**Aim of the exercise**
After reading the entries below, copy word for word the lines from the first through the line containing "WORTMANN TERRA PAD", and stop there.

**Stored records**
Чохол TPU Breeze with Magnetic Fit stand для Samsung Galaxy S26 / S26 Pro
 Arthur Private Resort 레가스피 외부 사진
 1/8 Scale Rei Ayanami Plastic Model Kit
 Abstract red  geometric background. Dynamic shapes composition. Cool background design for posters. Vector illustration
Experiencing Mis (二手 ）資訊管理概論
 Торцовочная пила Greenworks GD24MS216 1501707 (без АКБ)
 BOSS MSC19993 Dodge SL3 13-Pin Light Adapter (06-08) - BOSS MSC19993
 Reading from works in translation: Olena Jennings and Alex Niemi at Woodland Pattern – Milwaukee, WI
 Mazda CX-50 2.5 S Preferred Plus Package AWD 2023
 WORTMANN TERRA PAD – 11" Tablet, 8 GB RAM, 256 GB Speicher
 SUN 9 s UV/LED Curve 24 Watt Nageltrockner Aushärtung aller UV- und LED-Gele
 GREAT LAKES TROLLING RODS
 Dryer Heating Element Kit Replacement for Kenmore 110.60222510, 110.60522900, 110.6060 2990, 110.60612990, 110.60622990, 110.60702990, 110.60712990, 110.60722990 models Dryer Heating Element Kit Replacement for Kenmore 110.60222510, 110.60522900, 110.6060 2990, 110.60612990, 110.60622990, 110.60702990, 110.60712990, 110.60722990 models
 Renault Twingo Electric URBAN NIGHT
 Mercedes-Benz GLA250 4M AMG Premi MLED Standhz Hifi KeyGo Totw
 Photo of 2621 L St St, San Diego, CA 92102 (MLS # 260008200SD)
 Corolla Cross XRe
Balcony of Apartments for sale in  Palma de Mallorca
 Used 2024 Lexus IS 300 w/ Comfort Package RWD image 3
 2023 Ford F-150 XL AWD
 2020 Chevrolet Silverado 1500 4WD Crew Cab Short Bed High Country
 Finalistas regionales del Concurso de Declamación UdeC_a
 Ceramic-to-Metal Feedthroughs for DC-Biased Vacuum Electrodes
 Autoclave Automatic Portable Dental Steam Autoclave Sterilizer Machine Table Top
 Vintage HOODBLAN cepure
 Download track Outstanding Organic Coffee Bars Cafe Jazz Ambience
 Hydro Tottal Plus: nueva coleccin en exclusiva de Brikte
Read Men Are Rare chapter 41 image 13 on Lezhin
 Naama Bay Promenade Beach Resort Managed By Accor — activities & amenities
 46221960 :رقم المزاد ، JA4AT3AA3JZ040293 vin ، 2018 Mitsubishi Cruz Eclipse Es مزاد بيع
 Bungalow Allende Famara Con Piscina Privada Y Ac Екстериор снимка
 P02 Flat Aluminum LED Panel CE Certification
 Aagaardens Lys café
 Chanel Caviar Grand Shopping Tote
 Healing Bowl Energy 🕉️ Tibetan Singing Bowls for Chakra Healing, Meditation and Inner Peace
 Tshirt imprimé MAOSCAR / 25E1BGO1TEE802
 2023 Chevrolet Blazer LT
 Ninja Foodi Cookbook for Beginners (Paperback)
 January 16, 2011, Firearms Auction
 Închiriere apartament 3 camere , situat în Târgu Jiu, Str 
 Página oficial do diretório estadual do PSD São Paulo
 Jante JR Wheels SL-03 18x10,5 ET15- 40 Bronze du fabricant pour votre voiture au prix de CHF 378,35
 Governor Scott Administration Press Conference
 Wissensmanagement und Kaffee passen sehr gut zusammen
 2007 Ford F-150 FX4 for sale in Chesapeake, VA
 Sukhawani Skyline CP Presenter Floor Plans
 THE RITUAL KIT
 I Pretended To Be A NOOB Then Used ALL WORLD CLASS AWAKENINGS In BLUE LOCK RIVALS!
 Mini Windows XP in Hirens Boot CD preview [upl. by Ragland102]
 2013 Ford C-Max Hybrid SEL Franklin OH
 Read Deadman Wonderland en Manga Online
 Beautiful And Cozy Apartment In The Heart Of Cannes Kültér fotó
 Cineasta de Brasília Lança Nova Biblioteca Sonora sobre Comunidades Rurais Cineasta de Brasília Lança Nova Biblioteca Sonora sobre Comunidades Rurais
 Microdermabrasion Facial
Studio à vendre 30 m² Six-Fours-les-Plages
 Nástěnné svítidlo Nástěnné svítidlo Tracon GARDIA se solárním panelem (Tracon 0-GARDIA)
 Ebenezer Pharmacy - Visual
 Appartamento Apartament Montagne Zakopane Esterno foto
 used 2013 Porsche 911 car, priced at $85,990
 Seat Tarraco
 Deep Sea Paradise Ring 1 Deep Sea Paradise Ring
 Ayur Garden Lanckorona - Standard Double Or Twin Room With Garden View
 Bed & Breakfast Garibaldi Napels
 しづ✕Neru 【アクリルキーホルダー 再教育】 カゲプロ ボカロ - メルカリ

**Solved exercise**
Чохол TPU Breeze with Magnetic Fit stand для Samsung Galaxy S26 / S26 Pro
 Arthur Private Resort 레가스피 외부 사진
 1/8 Scale Rei Ayanami Plastic Model Kit
 Abstract red  geometric background. Dynamic shapes composition. Cool background design for posters. Vector illustration
Experiencing Mis (二手 ）資訊管理概論
 Торцовочная пила Greenworks GD24MS216 1501707 (без АКБ)
 BOSS MSC19993 Dodge SL3 13-Pin Light Adapter (06-08) - BOSS MSC19993
 Reading from works in translation: Olena Jennings and Alex Niemi at Woodland Pattern – Milwaukee, WI
 Mazda CX-50 2.5 S Preferred Plus Package AWD 2023
 WORTMANN TERRA PAD – 11" Tablet, 8 GB RAM, 256 GB Speicher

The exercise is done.